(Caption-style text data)
......
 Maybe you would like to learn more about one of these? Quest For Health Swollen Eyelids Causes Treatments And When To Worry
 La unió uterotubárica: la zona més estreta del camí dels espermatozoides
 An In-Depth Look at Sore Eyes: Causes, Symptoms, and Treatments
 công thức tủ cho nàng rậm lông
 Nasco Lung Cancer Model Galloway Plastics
......
◆ THE PROBLEM ◆
Pull every line with the string "Causes" from the data above.

◆ WRITTEN RESPONSE ◆
 Maybe you would like to learn more about one of these? Quest For Health Swollen Eyelids Causes Treatments And When To Worry
 An In-Depth Look at Sore Eyes: Causes, Symptoms, and Treatments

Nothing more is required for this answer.